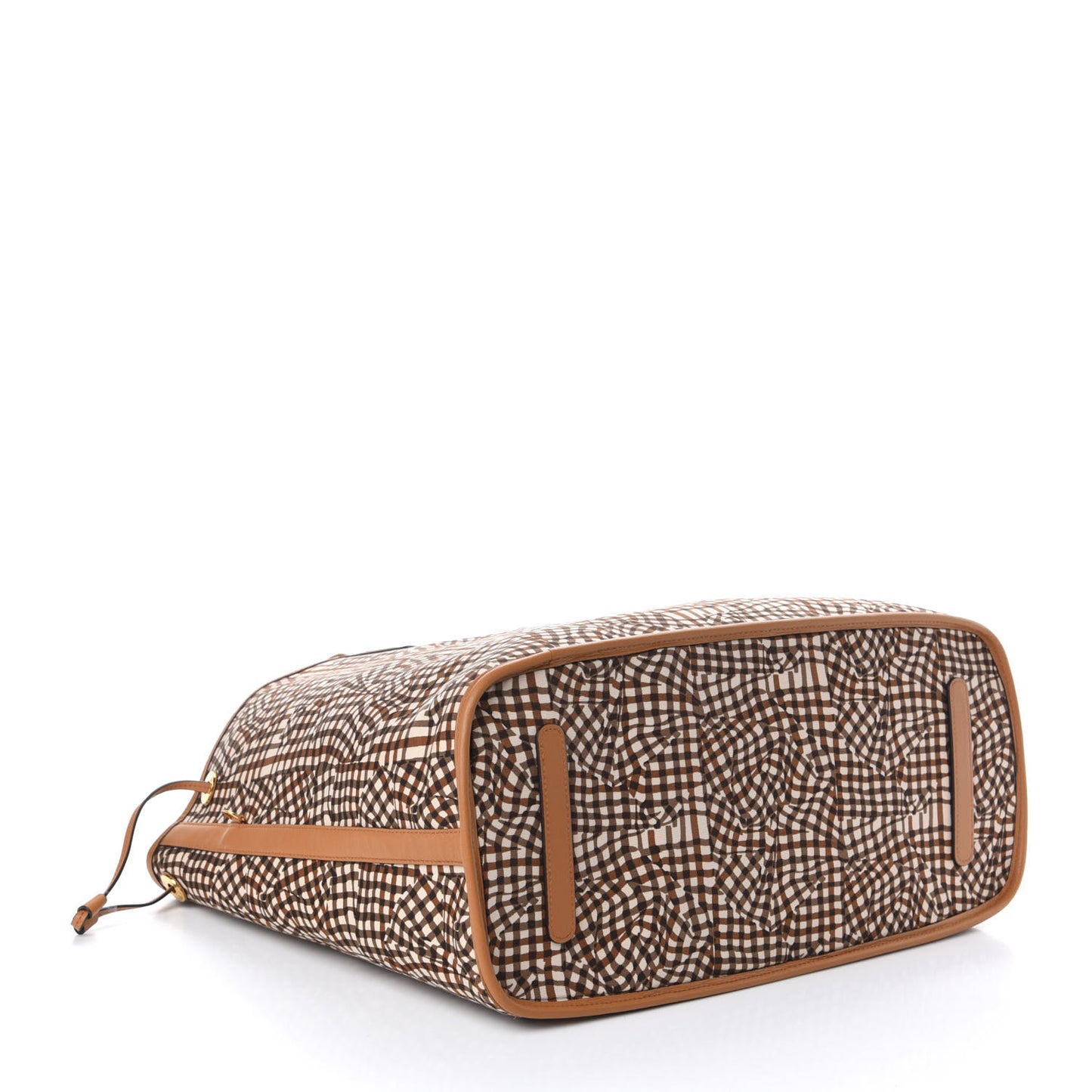 Visetos Large Liz Reversible Shopper Tote Cognac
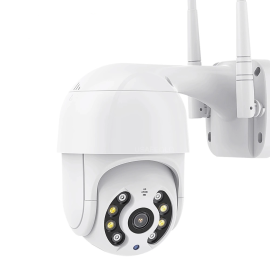 Mini Speed Dome IP Smart WI-FI 1080P IP66 HB TECH 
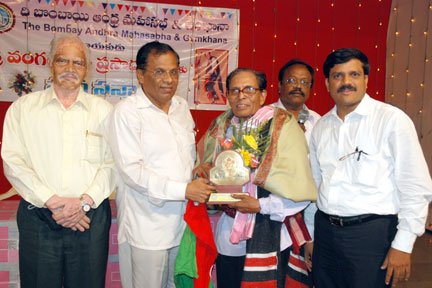 Felicitation to Revolutionary Singer Vangapandu Prasad Rao image08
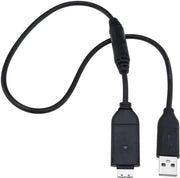 Cavo USB per Digimax AQ100 CL80 ES55 ES60 ES63 ES65 ES67 - Caricabatteria e sincronizzazione dati SUC cavo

Task goal
Would you return the material exactly, images excluded?

Result of this exercise
 Visetos Large Liz Reversible Shopper Tote Cognac
 Mini Speed Dome IP Smart WI-FI 1080P IP66 HB TECH 
 Felicitation to Revolutionary Singer Vangapandu Prasad Rao image08
 Cavo USB per Digimax AQ100 CL80 ES55 ES60 ES63 ES65 ES67 - Caricabatteria e sincronizzazione dati SUC cavo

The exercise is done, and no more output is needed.